Ao se desculpar pela falha, a Caixa cometeu outro erro quando tentou se justificar dizendo: “O banco pede desculpas a toda a população e, em especial, aos movimentos ligados às causas raciais, por não ter caracterizado o escritor, que era afro-brasileiro, com a sua origem racial.”.
A linguagem pode passar despercebida para muito de nós, porém ela se constitui como um reflexo das mais poderosas formas de representações sociais e nas principais formas da expressão de poder do nosso mundo. Neste sentido, discuto aqui não apenas o preconceito, mas um problema silencioso: a linguagem como forma de opressão.
Poderia haver algum mal no uso do termo “Afro-brasileiro”? Aparentemente não, mas então por que não fazemos também uso de termos como: “Euro-brasileiro” ou “Euro-descendente”? No Brasil pessoas brancas são chamadas de brasileiras, porém estas não se percebem como euro-brasileiros, enquanto que negros são chamados de Afro-brasileiros como se fossem de outro país.

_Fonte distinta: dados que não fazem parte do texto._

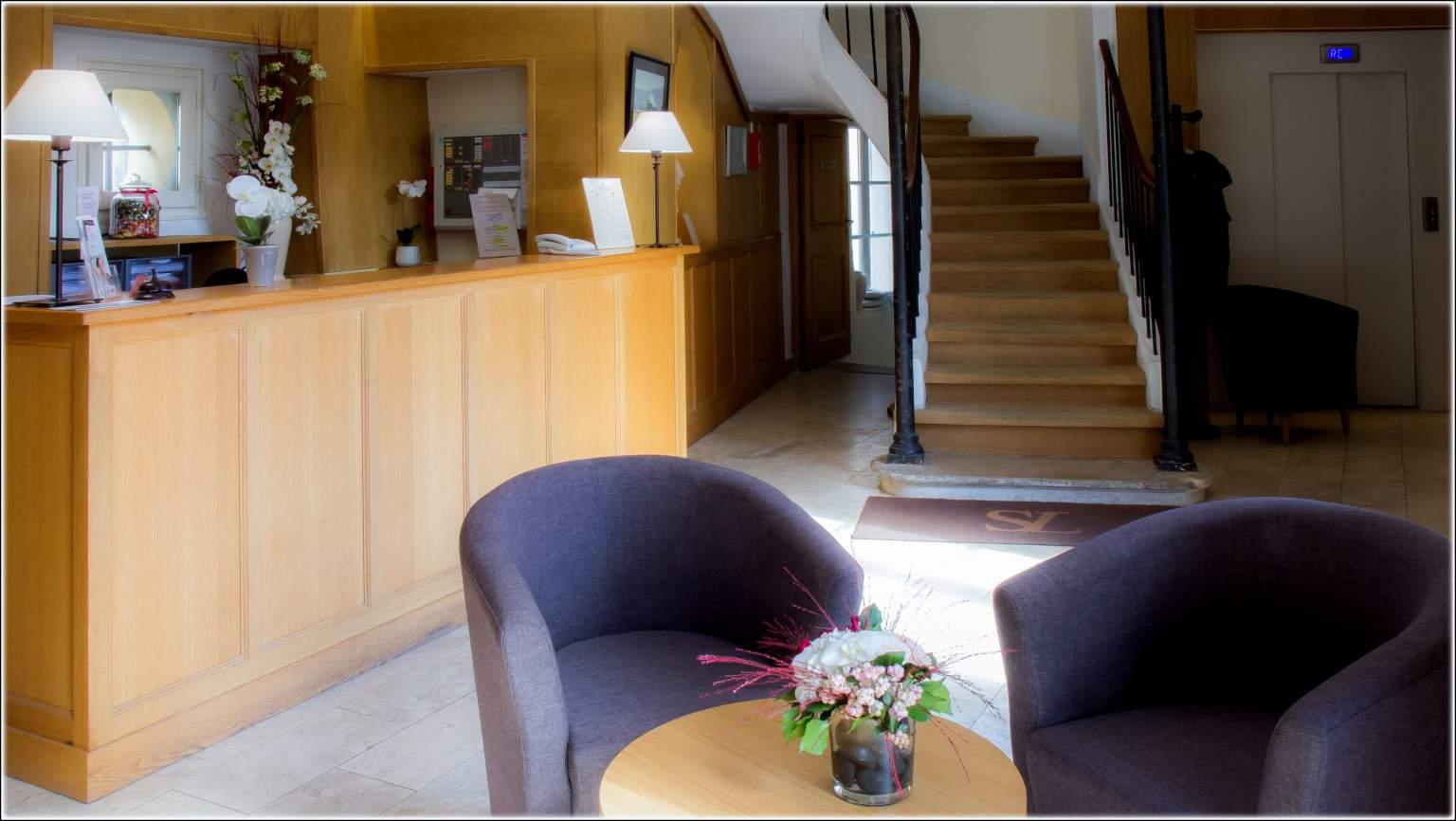 Hotel Saint-Laurent, The Originals Relais Montfort l'Amaury Bagian luar foto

Mas o que quer essa linguagem? A genealogia do termo afro-brasileiro tem seu antecessor na palavra “negro” que na sua origem etimológica descreve sujeitos com um fenótipo de pele escura que no Brasil ficou associado historicamente à escravidão. Após o fim da escravidão, a palavra negro é substituída gradualmente pelo vocábulo “afro-brasileiro” que se dissocia do estigma da servidão, porém passou a representar pessoas que moram em uma nação mas não a constituem como povo, em outras palavras, quando o negro não pode ser escravo deve se torna estrangeiro(afro-brasileiro).
É certo e até mesmo evidente que a corrupção da linguagem é essencial para a manutenção de uma ideologia dominante que deseja manter o estado de diferenciação entre os sujeitos, mas o objetivo dessa linguagem segregacionista não se faz apenas no âmbito da ética ou do campo linguístico, se faz também no processo de concepção do próprio ser, no processo de subjetivação e na identidade, no qual o sujeito se constitue apenas enquanto vocábulo e não em uma relação social dialética no qual é o próprio autor de sua história.
Dado o exposto, podemos considerar que historicamente o sujeito negro ou afro-brasileiro é uma invenção do nosso modo de falar que constitui o sujeito enquanto indivíduo passivo, sem participação na formação de sua própria identidade e sendo assim um alvo fácil de manipulação.